The kernel manages a number of IPC methods. Shared memory is used when two tasks need to pass data between them. The Linux clipboard is a good example of shared memory. Data which is cut or copied to the clipboard is stored in shared memory. When the stored data is pasted into another application, that application looks for the data in the clipboard’s shared memory area. Named pipes can be used to communicate data between two programs. Data can be pushed into the pipe by one program and the other program can pull the data out of the other end of the pipe. A program may collect data very quickly and push it into the pipe. Another program may take the data out of the other end of the pipe and either display it on the screen or store it to the disk, but it can handle the data at its own rate.
Device management
The kernel manages access to the physical hardware through the use of device drivers. Although we tend to think of this in terms of various types of storage devices, it also manages other Input/Output (I/O) devices such as the keyboard, mouse, display, printers, and so on. This includes management of pluggable devices such as USB storage devices, and external USB and eSATA storage devices.
Access to physical devices must be managed carefully or more than one application might attempt to control the same device at the same time. The Linux kernel manages devices so that only one program actually has control of or access to a device at any given moment. One example of this is a COM port4. Only one program can communicate through a COM port at any given time. If you are using the COM port to get your e-mail from the Internet, for example, and try to start another program which attempts to use the same COM port, the Linux kernel detects that the COM port is already in use. The kernel then uses the hardware error handler to display a message on the screen that the COM port is in use.
For managing disk I/O devices, including USB, parallel and serial port I/O, and file system I/O, the kernel does not actually handle physical access to the disk, but rather manages the requests for disk I/O submitted by the various running programs. It passes these requests on to the file system, whether it be EXT[2,3,4], VFAT, HPFS, CDFS (CD-ROM file system), or NFS (Network File System), or some other filesystem types, and manages the transfer of data between the file system and the requesting programs.
All types of hardware – whether they are storage devices or something else attached to a Linux host – are handled as if they were files. In Linux, Everything is a File.5 This results in some amazing capabilities and interesting possibilities.
Error Handling
Errors happen. As a result the kernel needs to identify these errors when they occur. The kernel may take some action such as retrying the failing operation, displaying an error message to the user, and logging the error message to a log file.
In many cases the kernel can recover from errors without human intervention. In others, human intervention may be required. For example if the user attempts to unmount6 a USB storage device that is in use, the kernel will detect this and post a message to the umount program which usually sends the error message to the user interface. The user must then take whatever action necessary to ensure that the storage device is no longer in use and then attempt the unmount the device.
Utilities
In addition to its kernel functions, most operating systems provide a number of basic utility programs which enable users to manage the computer on which the operating system resides. These are the commands such as cp, ls, mv, and so on, as well as the various shells, such as bash, ksh, csh and so on, which make using and managing the computer so much easier.

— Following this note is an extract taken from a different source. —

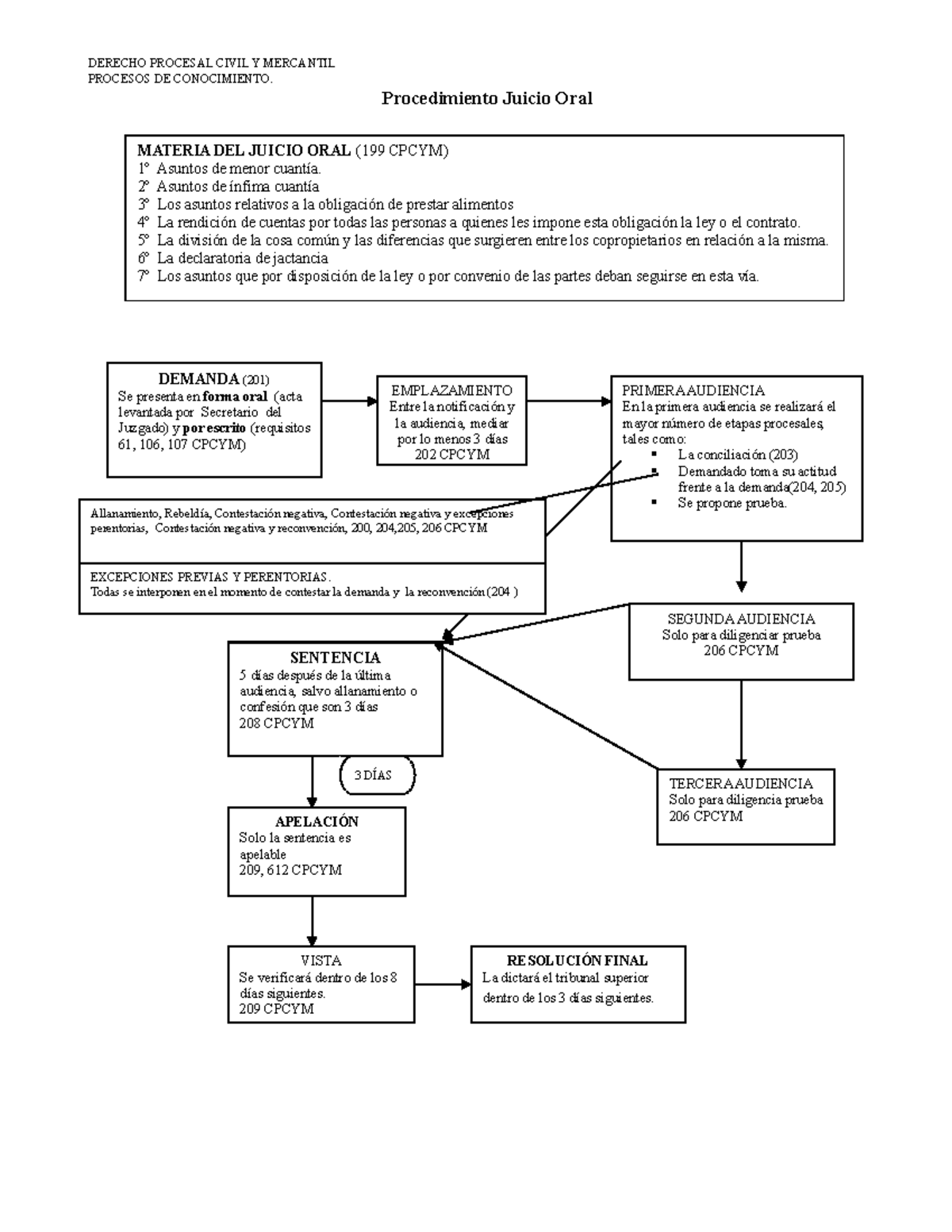 Esquema del Juicio Oral en Materia Civil - Guatemala (CPCYM 201) - Document Preview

These utilities are not technically part of the operating system; they are merely provided as useful tools that can be used by the SysAdmin to perform administrative tasks. In Linux, often these are the GNU core utilities. However, common usage groups the kernel together with the utilities into a single conceptual entity that we call the operating system.
- Wikipedia, random access memory, https://en.wikipedia.org/wiki/Random-access_memory ↩︎
- Wikipedia, Virtual Memory, https://en.wikipedia.org/wiki/Virtual_memory ↩︎
- Wikipedia, Process Management, https://en.wikipedia.org/wiki/Process_management_(computing) ↩︎
- A COM (communications) port is used with serial communications such as a serial modem to connect to the Internet over telephone lines when a cable connection is not available. ↩︎
- Both.org,The Linux Philosophy for SysAdmins, Tenet 03 — Everything is a File, https://www.both.org/?p=6843 ↩︎
- The Linux command to unmount a device is actually umount. ↩︎